Raines and his wife, Pat, have used the driveway for 17 years. They didn't have a problem until this summer. That's when work began on a much-heralded - and taxpayer-assisted to the tune of $400,000 - expansion plant for Wolverine Gasket Co., uphill in the Blacksburg Industrial Park.
"This is a problem since it wasn't our fault," Raines said. "What really irritates me is that we've got tax money in that project."
He's called officials with Montgomery County, the state, Wolverine, Robinson Construction Co. and C.R. Sult Inc., the excavating contractor. As a last resort, he called the newspaper.
All he wants is the runoff problem prevented and his driveway fixed.

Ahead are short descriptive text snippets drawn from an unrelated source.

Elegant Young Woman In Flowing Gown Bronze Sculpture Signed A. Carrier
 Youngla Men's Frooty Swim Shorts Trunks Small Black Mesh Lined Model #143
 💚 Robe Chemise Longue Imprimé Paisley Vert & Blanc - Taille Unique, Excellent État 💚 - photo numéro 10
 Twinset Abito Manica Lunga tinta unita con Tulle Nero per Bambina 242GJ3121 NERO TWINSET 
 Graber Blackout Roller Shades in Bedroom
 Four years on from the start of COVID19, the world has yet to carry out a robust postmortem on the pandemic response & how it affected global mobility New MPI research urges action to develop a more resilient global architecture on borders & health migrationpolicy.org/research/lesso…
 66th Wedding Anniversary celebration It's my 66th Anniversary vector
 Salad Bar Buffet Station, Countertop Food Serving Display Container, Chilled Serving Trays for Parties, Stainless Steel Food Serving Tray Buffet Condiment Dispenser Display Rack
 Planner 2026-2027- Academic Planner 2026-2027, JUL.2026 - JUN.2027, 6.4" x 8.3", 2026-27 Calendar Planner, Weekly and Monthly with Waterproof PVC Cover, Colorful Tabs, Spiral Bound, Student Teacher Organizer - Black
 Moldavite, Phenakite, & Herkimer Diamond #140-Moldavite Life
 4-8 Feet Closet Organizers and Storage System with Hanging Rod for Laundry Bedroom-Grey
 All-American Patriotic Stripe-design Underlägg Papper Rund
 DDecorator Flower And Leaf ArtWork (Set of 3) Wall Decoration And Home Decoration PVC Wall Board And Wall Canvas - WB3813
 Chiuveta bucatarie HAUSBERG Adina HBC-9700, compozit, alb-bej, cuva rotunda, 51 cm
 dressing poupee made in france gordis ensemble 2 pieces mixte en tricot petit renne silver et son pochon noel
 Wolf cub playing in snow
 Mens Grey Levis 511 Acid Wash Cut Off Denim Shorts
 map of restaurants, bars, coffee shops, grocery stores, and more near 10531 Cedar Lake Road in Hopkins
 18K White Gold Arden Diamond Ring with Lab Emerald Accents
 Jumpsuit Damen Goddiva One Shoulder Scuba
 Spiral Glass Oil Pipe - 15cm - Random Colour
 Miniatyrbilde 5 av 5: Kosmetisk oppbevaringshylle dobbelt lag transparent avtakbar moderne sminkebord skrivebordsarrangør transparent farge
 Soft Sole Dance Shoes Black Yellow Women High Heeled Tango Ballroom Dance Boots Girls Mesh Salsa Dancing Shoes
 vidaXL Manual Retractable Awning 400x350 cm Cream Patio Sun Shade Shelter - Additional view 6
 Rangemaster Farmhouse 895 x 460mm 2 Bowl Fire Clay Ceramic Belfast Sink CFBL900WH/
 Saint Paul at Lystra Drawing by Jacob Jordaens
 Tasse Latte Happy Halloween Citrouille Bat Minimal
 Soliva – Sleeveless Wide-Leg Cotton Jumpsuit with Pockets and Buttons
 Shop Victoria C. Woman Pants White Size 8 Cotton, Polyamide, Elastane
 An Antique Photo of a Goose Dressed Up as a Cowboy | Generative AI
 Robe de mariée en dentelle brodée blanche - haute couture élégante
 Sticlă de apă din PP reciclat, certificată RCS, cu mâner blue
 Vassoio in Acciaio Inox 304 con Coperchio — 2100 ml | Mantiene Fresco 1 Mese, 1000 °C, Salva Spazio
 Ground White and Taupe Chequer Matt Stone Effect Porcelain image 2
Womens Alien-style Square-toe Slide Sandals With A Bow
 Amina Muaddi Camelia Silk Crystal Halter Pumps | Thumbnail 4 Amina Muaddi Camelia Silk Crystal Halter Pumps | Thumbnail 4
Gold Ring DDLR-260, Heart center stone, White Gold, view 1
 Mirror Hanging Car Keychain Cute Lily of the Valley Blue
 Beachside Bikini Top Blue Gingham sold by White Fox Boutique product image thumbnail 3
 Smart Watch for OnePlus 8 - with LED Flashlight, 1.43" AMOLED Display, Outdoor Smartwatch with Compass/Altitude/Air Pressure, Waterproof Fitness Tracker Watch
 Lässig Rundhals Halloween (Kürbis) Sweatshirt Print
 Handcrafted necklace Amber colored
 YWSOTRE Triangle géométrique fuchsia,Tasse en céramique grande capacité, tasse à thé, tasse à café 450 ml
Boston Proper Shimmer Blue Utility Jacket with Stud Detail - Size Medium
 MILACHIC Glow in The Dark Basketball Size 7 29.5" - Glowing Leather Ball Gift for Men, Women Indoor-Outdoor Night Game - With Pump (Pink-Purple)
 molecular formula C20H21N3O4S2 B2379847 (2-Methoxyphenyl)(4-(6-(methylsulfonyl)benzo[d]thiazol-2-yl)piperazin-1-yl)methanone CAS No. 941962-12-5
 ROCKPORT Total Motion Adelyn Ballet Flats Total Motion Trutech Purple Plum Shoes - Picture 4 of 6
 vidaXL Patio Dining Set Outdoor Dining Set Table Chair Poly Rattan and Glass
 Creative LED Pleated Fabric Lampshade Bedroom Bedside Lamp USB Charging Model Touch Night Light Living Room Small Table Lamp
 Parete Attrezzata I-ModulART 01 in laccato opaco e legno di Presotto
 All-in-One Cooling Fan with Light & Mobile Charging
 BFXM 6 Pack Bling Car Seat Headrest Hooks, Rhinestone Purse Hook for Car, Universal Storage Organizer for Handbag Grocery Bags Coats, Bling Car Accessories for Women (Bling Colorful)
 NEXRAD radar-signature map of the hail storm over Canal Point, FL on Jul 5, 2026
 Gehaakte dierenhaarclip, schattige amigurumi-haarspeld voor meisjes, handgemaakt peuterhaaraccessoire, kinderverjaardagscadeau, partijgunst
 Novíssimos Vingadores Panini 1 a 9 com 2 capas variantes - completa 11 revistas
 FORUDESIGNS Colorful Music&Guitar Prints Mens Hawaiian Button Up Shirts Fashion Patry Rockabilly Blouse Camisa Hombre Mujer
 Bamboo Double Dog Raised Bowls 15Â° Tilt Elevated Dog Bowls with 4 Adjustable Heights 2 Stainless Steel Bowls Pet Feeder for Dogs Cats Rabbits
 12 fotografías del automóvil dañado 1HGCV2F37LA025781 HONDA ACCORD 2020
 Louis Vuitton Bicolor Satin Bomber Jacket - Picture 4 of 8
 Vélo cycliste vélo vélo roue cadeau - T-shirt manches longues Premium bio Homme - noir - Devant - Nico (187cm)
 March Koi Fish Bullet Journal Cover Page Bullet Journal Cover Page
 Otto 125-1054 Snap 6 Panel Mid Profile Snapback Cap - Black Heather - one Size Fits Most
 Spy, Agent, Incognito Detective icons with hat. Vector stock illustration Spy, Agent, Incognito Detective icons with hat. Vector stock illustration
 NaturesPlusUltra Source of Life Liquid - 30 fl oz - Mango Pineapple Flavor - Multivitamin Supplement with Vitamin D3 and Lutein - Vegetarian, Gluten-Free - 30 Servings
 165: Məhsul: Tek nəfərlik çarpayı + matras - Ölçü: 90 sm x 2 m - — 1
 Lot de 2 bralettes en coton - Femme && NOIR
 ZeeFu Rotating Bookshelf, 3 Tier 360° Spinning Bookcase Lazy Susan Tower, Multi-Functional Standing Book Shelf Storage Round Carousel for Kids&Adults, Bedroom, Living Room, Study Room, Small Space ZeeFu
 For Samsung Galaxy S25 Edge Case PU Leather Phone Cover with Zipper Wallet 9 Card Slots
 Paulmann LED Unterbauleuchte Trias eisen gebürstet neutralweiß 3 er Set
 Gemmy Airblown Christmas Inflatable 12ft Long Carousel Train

So far, Raines said, no one has had a satisfactory answer.
The landowner, Harvey, Sult, Robinson Inc., and the primary contractor, Robinson Construction Co., filed an erosion and sediment control plan before work began. That's where a builder describes where soil will be disturbed and how erosion will be prevented.
A local review panel, the Skyline Soil and Water Conservation District board, approved the plan in March. It also approved a slight modification last month.
Since approval, it has been the county's responsibility - through its two-man building inspection office - to make sure the contractor is living up to the plan.
Wayne Mannon, Montgomery's head building official, said Sult, the grading contractor, has the required practices in place, including a synthetic fabric filter fence to catch silt below the 6 acres of disturbed soil, a seeded bank on the steep hill above Raines' land and a barrier of brush at the top of the hill.
Yet Janet Y. Smith, a Dublin-based erosion control specialist with the state Division of Soil and Water Conservation, noted several corrective steps that needed to be taken following a July 26 inspection of the Wolverine site. The state is responsible for making sure the county enforces erosion control plans.
Smith inspected the site after complaints from Raines and other residents and found: Brush barriers needed to be cleaned out, more grass seed needed to be spread, other control measures shown on the erosion plan needed to be properly installed and maintained and diversion channels needed to be built to move runoff away from the north side of the Wolverine building.
"Any erosion damage or sedimentation of downstream properties or waterways that was caused by this activity should be repaired," Smith wrote in a letter to the county. "The county should proceed to require the appropriate owners to make necessary corrective actions as soon as possible."
The erosion plan, prepared by Anderson & Associates, calls for the digging of a swale, or grass channel, to direct runoff away from the hill above the homes of Raines and his neighbors and into a stormwater detention pond. But the diversion swale cannot be built until workers finish siding the Wolverine building, Mannon said. That siding work appears to be going on right now.
Wolverine official Al Guarino said the company is aware of Raines' complaint but at this point doesn't yet own the land and is not involved in the situation. "The contractor is definitely the one that you would have to discuss this with," he said.
Bob Leach with Robinson Construction and Paul Sult of C.R. Sult Inc. could not be reached for comment, despite attempts last week and Tuesday to contact them.
"We've told [Raines] we're trying to do everything we can to get them to put that swale in," Mannon said. "We're trying to work with [the contractors] to get it resolved as soon as possible."
It can't be soon enough for Raines. And once the runoff is prevented, there's still the issue of who should pay to repair the driveway, which now presents a slow, bone-and-suspension-system-rattling uphill drive.
Sult visited the driveway this summer and offered to install two 24-inch culverts to divert runoff below the driveway and down to Cedar Run Road, Raines said, but he wanted $4,000 for the job.
To Raines, that's too much. "I'd be willing to work with them and help put up a bit if they were willing to put the road back in condition," he said.
For now, Raines just wants someone in government to show some leadership and help him get his problem fixed. "I don't know who to talk to."